Ambon, 28/9 (Antara Maluku) - Kepala Rumah Tahanan Negara (Karutan) Waiheru Ambon, Irhamuddin membantah adanya skenario untuk membebaskan dua tersangka kasus korupsi anggaran pembelian lahan dan gedung untuk pembukaan kantor cabang PT. Bank Maluku-Malut di Surabaya, IR dan PRT.

"Jadi masa berakhirnya status penahanan IR alias Idris bersama PRT alias Petro pada 28 September 2016 dan Kejaksaan Tinggi (Kejati) Maluku merencanakann proses penyerahan tahap II," kata Irhamuddin, di Ambon, Rabu.

Dia mengatakan kalau pihak Rutan sejak awal sudah menunggu kehadiran jaksa.

Hanya saja, kebetulan ada pegawai Rutan yang meninggal dunia sehingga dia bersama seluruh staf melayat ke rumah duka dan mengikuti prosesi upacara pemakaman.

"Jadi kita memproses dahulu yang meninggal dunia dan saya sudah menunggu sejak Rabu(28/9) pagi.
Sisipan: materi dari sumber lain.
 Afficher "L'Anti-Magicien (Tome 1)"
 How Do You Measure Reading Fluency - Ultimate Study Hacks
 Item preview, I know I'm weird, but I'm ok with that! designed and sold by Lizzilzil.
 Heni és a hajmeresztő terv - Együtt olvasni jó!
Jadi kalau sudah ada silahkan saja langsung dilaksanakan proses penyerahan tahap II sesuai prosedur," ujarnya.

Penjelasan Karutan terkait akan berakhirnya masa penahanan mantan direktur utama PT. BM-Malut, IR serta mantan Kepala Divisi Korsek dan Renstra PT. BM-Malut, PRT alias Petro.
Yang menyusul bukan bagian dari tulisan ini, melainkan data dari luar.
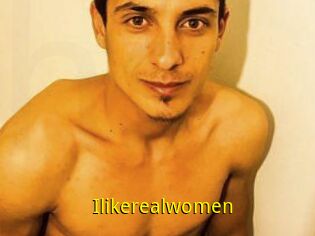 Ilikerealwomen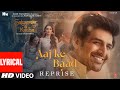 Aaj Ke Baad Reprise Lyrical SatyaPrem Ki Katha Kartik Kiara Manan Bhardwaj Himani Sajid N Sameer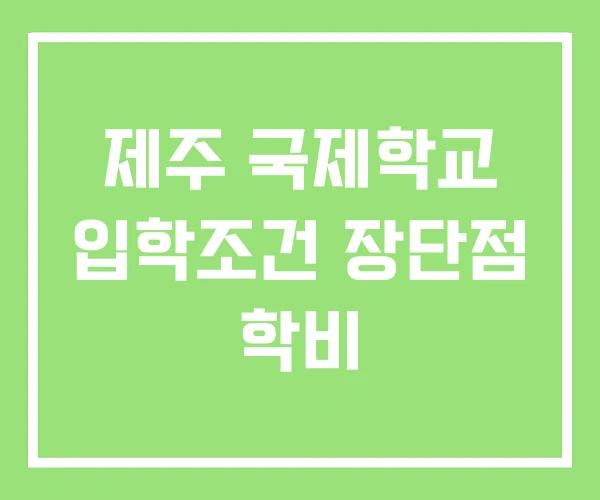 제주 국제학교 입학조건 장단점 학비 제주 국제학교 입학조건 장단점 학비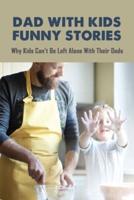 Dad With Kids Funny Stories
Kemudian penyidik Kejati Maluku telah berkoordinasi dengan pihak rutan sejak Selasa, (27/9) malam, selanjutnya Rabu pagi tim jaksa menuju Rutan untuk menjemput kedua tersangka guna dilakukan penyerahan tahap II berupa barang bukti beserta tersangka dari jaksa penyidik kepada jaksa penuntut umum.

Namun jaksa tidak bisa berbuat banyak saat berada di Rutan karena tidak ada satu pun pegawai yang melakukan proses penyerahan tersangka.

Sehingga Kasie Penyidikan Kejati Maluku, Ledrik Takendengan menghubungi Kepala Rutan dan terjadi dialog panjang yang intinya seluruh pegawai sedang melayat ke rumah duka dan mengikuti upacara pemakaman.

Dalam percakapan itu, Karutan juga mengatakan jam kerja sudah selesai sehingga tidak bisa melakukan tahap II pada Rabu(28/9).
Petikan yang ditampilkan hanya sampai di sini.